December sauntered onto the Cape beguiling us with unusually mild weather and smiling down on the Christmas Stroll festivities in Harwich (Dec 3rd – Dec 5th). How easy to be tricked into thinking that maybe this winter could pass with an endless procession of similarly sun-filled days. I don’t think so. December’s true face will soon show and we’ll be pulling up the collars on our thick coats and pulling down our hats as far as we can and keeping out the cold.
But the inevitable arrival of chilly weather is always accompanied by a quite extraordinary gift to those who live or visit the Cape at this time of year – empty beaches! The pristine beaches of Cape Cod are some of the best in the USA and to be here in winter is to experience these sandy riches as if they are your own. It’s fair to say that summer has the advantage that you can plunge into Nantucket Sound without the need for an inch of lard encasing your body but in winter the throngs (and thongs) are gone and you can walk, run, skip or hop (whatever your pleasure) along the beach in blissful solitude.
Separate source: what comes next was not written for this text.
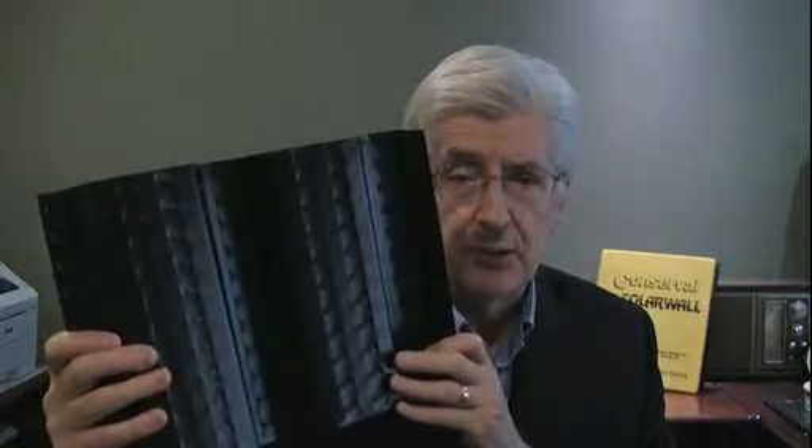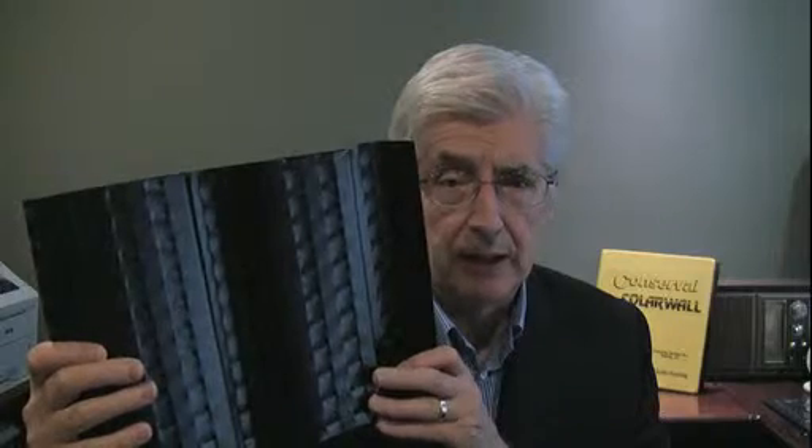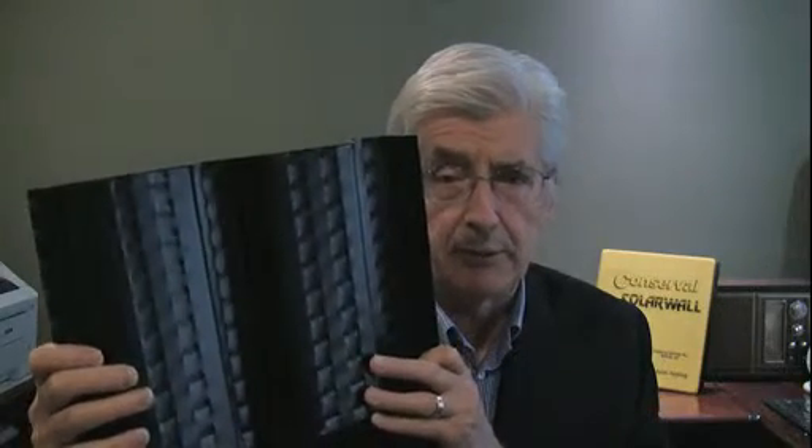Here's a sample of the solar wall panel. This one is black, but it can be any dark color. As the fresh air passes through each opening in the metal surface, it picks up the heat boundary layer and raises the air temperature by as much as 60 degrees Fahrenheit.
I’ve always had a love for the sea and there is nothing more exhilarating for the soul than watching the unending march of waves to the shore and listening to the pounding percussion as the wave ends its long journey by crashing triumphantly onto the beach. It’s a quite elemental emotion that stirs the blood (well mine anyway) and many people have put it more eloquently than I including JFK “ …And when we go back to the sea – whether it is to sail or to watch it – we are going back from whence we came.”
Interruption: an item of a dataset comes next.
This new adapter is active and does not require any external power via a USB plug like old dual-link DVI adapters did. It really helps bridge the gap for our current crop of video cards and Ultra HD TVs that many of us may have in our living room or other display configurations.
So I try to make the most of my luck and every day take the short stroll from our Cape Cod Bed and Breakfast down to Belmont Beach at the end of our road so that I can say hello to the sea, wave out to distant Nantucket and walk or run along the beach. I could say with the wind blowing through my hair but as I make Patrick Stewart (Captain Picard) look positively hirsute, that would be stretching my poetic license.